I'm still on the fence though. It's a lot of work to switch. Plus, I'm not sure what features we'd lose such as the ability to create PDFs and ePubs.

kuhlaid commented 1 year ago

@pdurbin I thought I had posted the following suggestion of keeping Sphinx (but I guess I never pressed send). Anyway, my thought was, keep Sphinx but add a link to the PDF version of the Dataverse documentation beside the Sphinx search field with a note stating something along the lines of for more robust searching, search within the PDF version of our documentation. That might improve the existing search situation. I don't even know where to find a PDF version of the Dataverse docs within the docs site in the current state.

pdurbin commented 1 year ago

@kuhlaid https://guides.dataverse.org/en/latest/Dataverse.pdf is a 404 😢

https://guides.dataverse.org/en/4.17/Dataverse.pdf works.
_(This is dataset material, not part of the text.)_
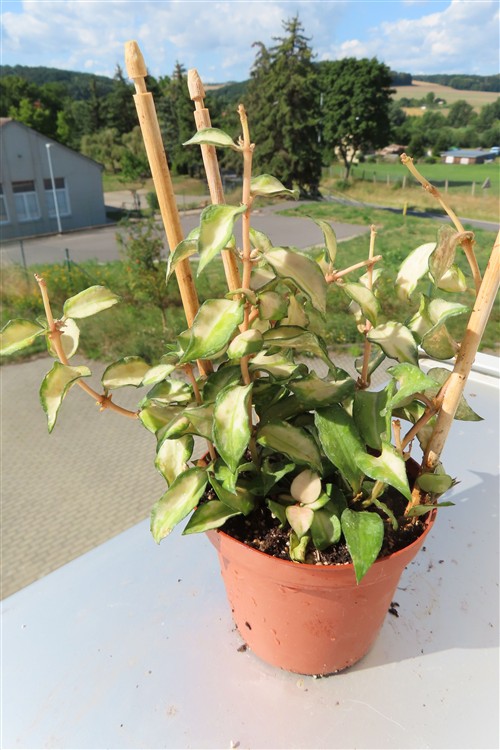Hoya sp. Bruno – Bild 3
There's a PDF to download if you want to look at it. So it's been a while (the 4.x days, I guess) since we built the PDF. This issue from 4.17 is related:

Anyway, I agree with you. It would be nice to have a PDF of the guides again. And we could link to them from the HTML guides, once they're working, and suggest it as an alternative for searching. Do you want to create an issue for this?
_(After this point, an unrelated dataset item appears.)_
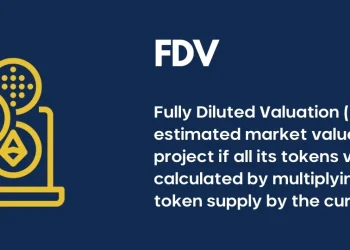 FDV meaning in crypto - Fully Diluted Valuation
Also, how to do feel about ePub? The ePub build is still working, it seems: https://guides.dataverse.org/en/latest/Dataverse.epub

kuhlaid commented 1 year ago

From the https://github.com/IQSS/dataverse/issues/6168 issue, it appears as though the PDF generator is unhappy about the non-ASCII characters within the documentation source files. To search for files containing any non-ASCII characters, you can run the following within a bash terminal

LC_ALL=C find . -type f -exec grep -c -P -n "[^\x00-\x7F]" {} +        # within the current directory, list the files and number of non-ASCII characters in them
LC_ALL=C grep --color='auto' -P -n "[\x80-\xFF]" somefile.txt   # shows where non-ASCII characters are found in a file (copy the results to an empty text file or somewhere to reference)
nano somefile.txt   # use CTRL+W then CTRL+T to go to a specific line in the file

I was not able to find any non-ASCII characters in the current files.

pdurbin commented 11 months ago

We're adding Markdown support. Please see this issue:

pdurbin commented 2 months ago

The Contributor Guide is written in Markdown.